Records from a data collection

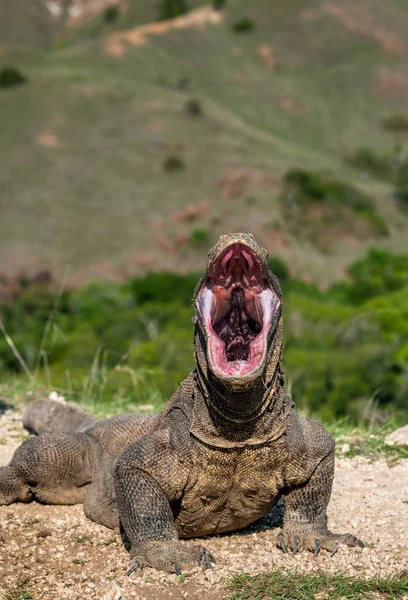 Smok Komodo Podniósł Głowę Otwartymi Ustami Zbliżenie Nazwa Naukowa Varanus — Zdjęcie stockowe
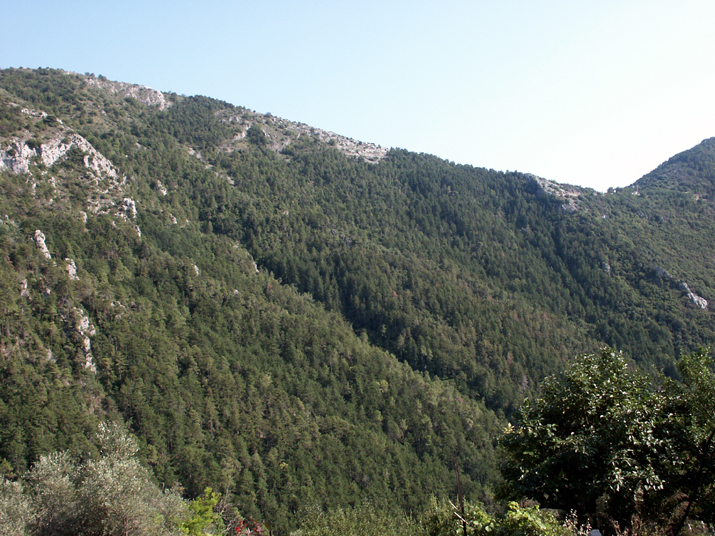 2004-07 Lucéram 029.jpg - DCF 1.0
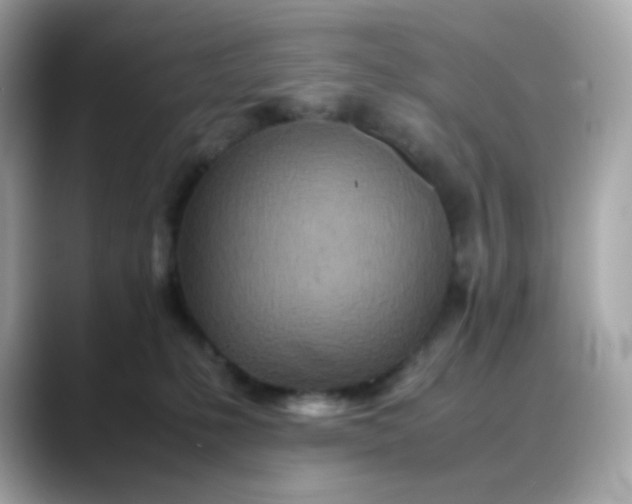 X0000088420231200706051217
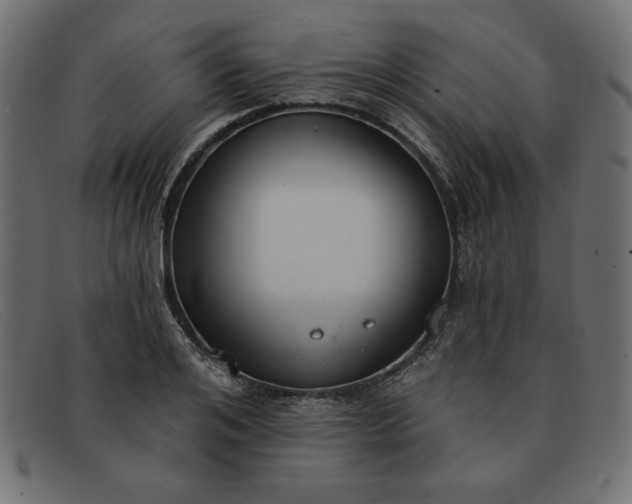 X0000091850984200709191053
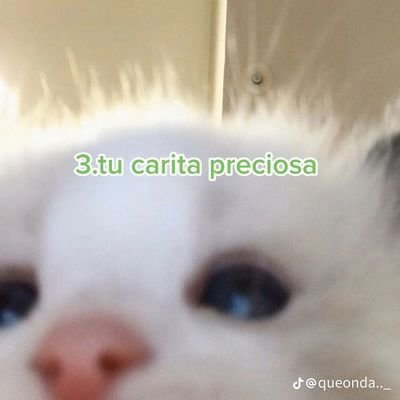 Posesiva, mamona, depresiva, pendeja, sabrosa, caliente, masoquista, loca, drogadicta, ninfomana,etc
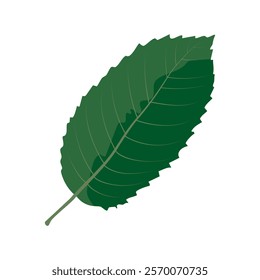 Close-up view of a green leaf displaying intricate veins and a healthy appearance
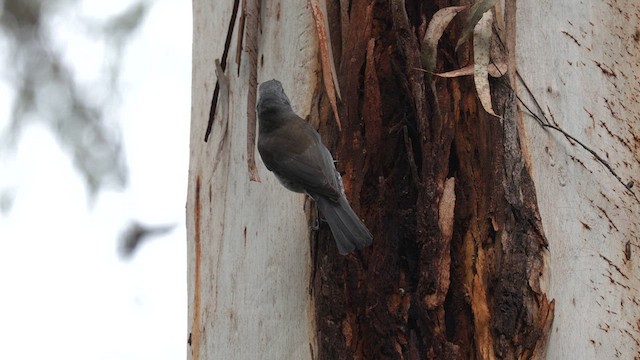 Gray Shrikethrush - ML641225345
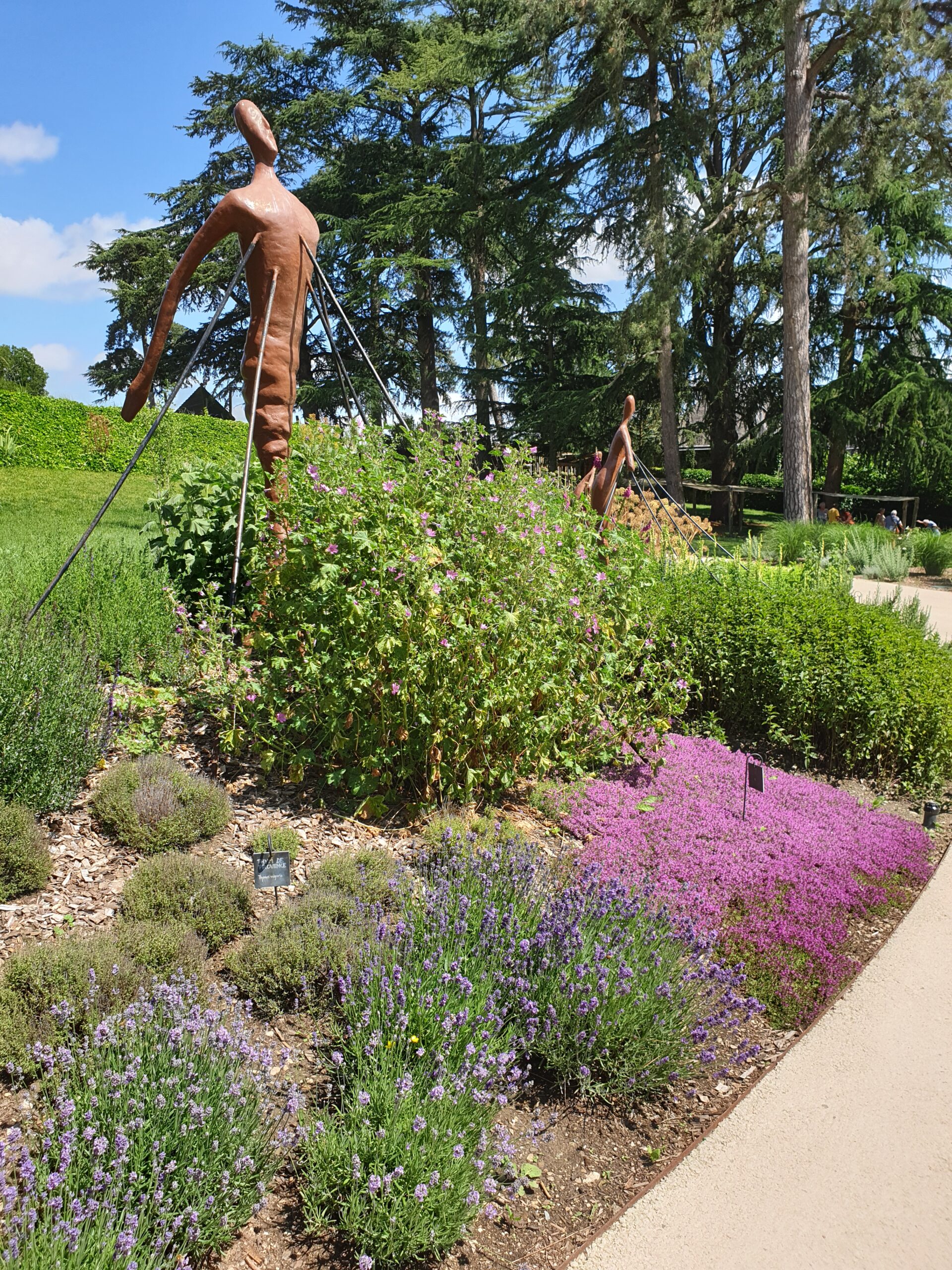 Jardin remarquable en Anjou, Camifolia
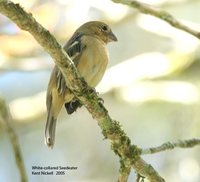 White-collared Seedeater - Sporophila torqueola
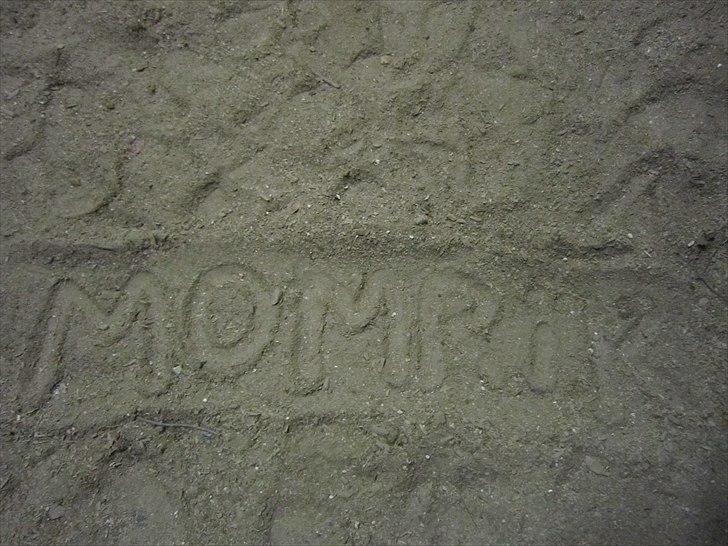 Seje ting!:D - Kedsomhed i ridehuset :P billede 41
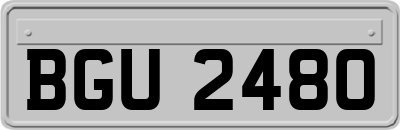 BGU2480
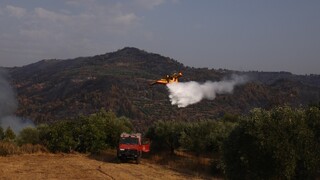 Φωτιά στη Σκόπελο: Στη «μάχη» και εναέρια μέσα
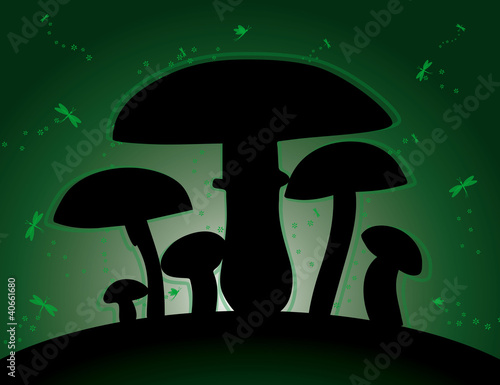 leuchtende Pilze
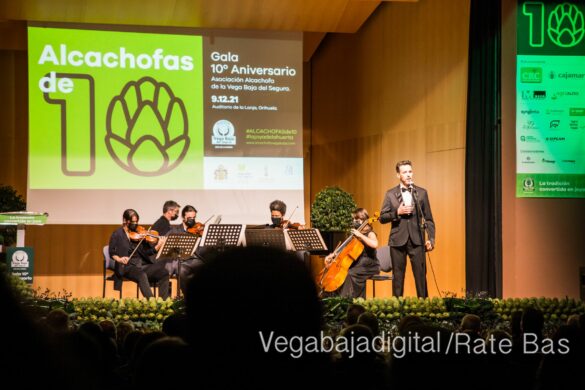FOTOGALERÍA | Alcachofa de la Vega Baja celebra su décimo aniversario con una gran gala 9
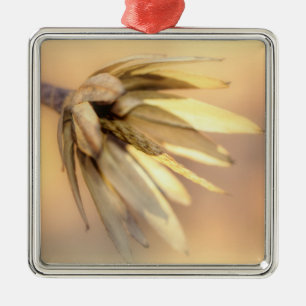 Tulip Poplar Empty Seed Pod Metal Tree Decoration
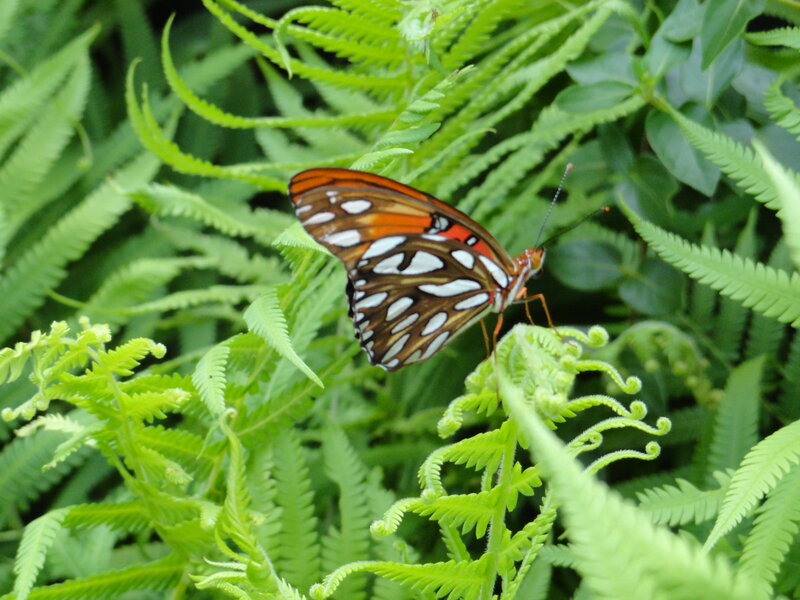 Butterfly on Fern — Green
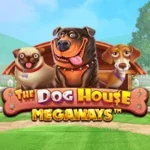 vswaysdogs square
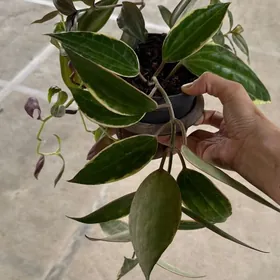 хоя маккорфилла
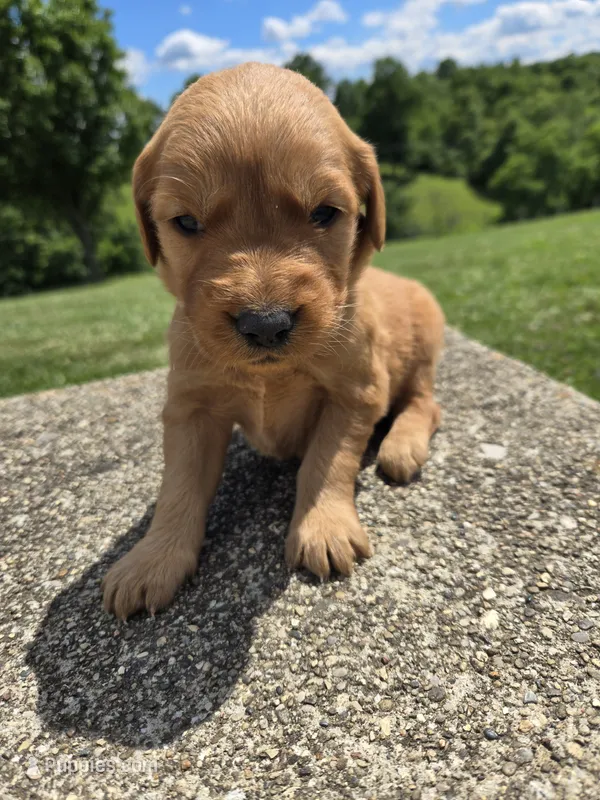 Pixie – Golden Retriever puppy for sale in Williamstown, KY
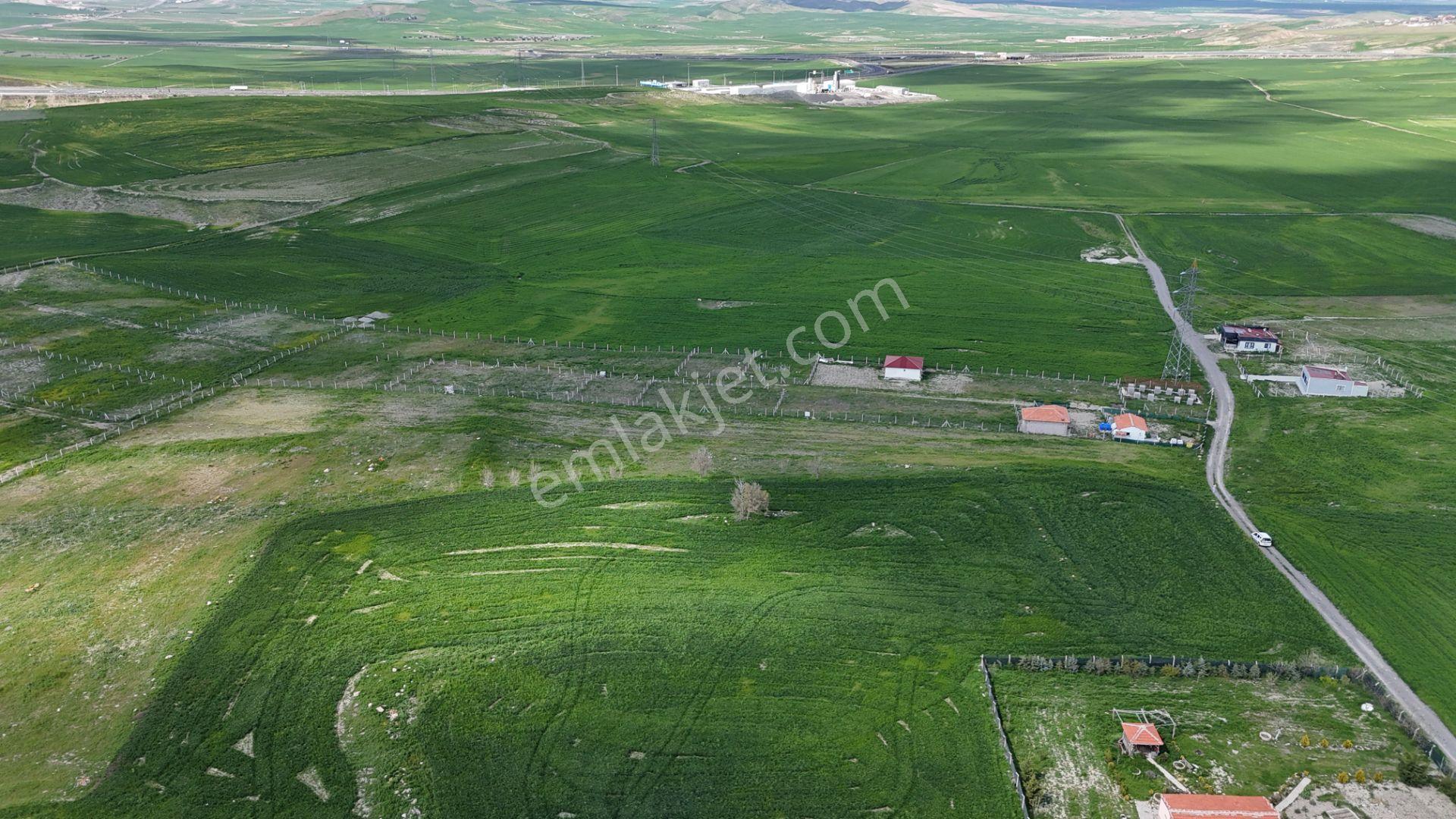 Gölbaşı Soğulcak Da 5653m2 Tek Tapu Tarla Karadeniz Emlaktan - Görsel 22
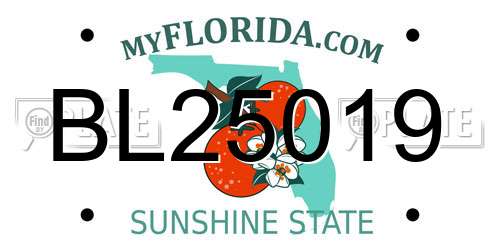BL25019 Florida License Plate
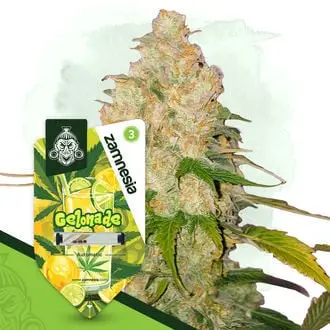 Auto Gelonade cannabis seeds by Zamnesia Seeds
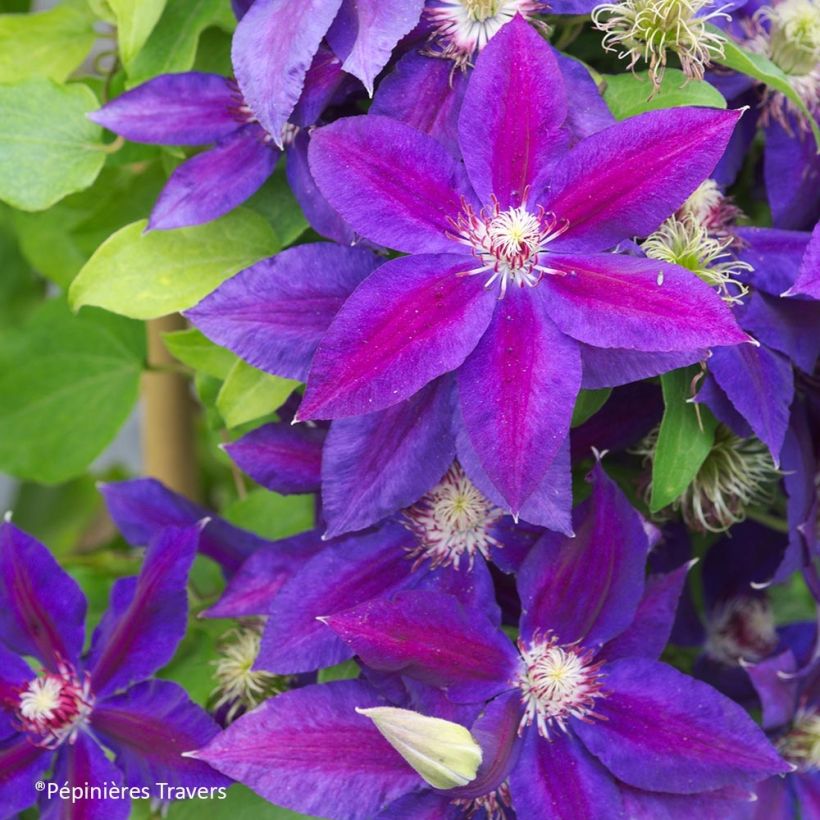 Clematis Wildfire (Floración)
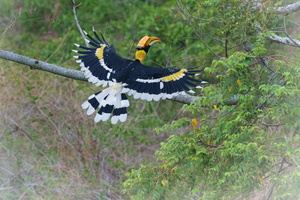 great hornbill (Buceros bicornis)  (2)
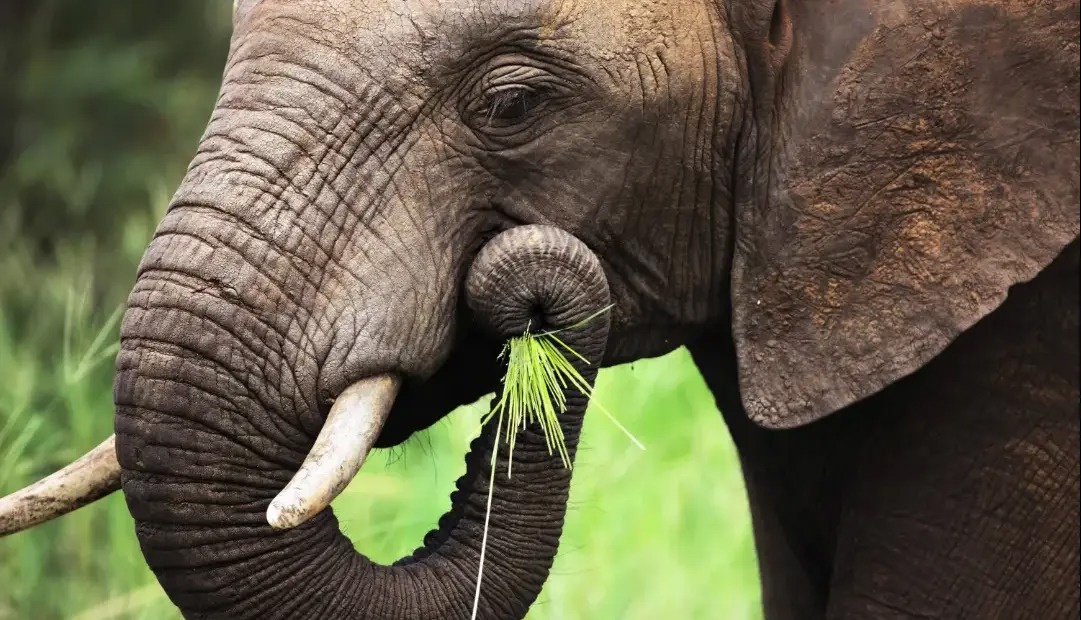 فیل‌ها بدون سبیل‌های روی خرطومشان تقریباً نابینا هستند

Assigned task
The entries are to be reproduced exactly, excluding any pictures they contain.

Solution to this task
 Smok Komodo Podniósł Głowę Otwartymi Ustami Zbliżenie Nazwa Naukowa Varanus — Zdjęcie stockowe
 2004-07 Lucéram 029.jpg - DCF 1.0
 X0000088420231200706051217
 X0000091850984200709191053
 Posesiva, mamona, depresiva, pendeja, sabrosa, caliente, masoquista, loca, drogadicta, ninfomana,etc
 Close-up view of a green leaf displaying intricate veins and a healthy appearance
 Gray Shrikethrush - ML641225345
 Jardin remarquable en Anjou, Camifolia
 White-collared Seedeater - Sporophila torqueola
 Seje ting!:D - Kedsomhed i ridehuset :P billede 41
 BGU2480
 Φωτιά στη Σκόπελο: Στη «μάχη» και εναέρια μέσα
 leuchtende Pilze
FOTOGALERÍA | Alcachofa de la Vega Baja celebra su décimo aniversario con una gran gala 9
 Tulip Poplar Empty Seed Pod Metal Tree Decoration
 Butterfly on Fern — Green
 vswaysdogs square
 хоя маккорфилла
 Pixie – Golden Retriever puppy for sale in Williamstown, KY
 Gölbaşı Soğulcak Da 5653m2 Tek Tapu Tarla Karadeniz Emlaktan - Görsel 22
BL25019 Florida License Plate
 Auto Gelonade cannabis seeds by Zamnesia Seeds
 Clematis Wildfire (Floración)
 great hornbill (Buceros bicornis)  (2)
 فیل‌ها بدون سبیل‌های روی خرطومشان تقریباً نابینا هستند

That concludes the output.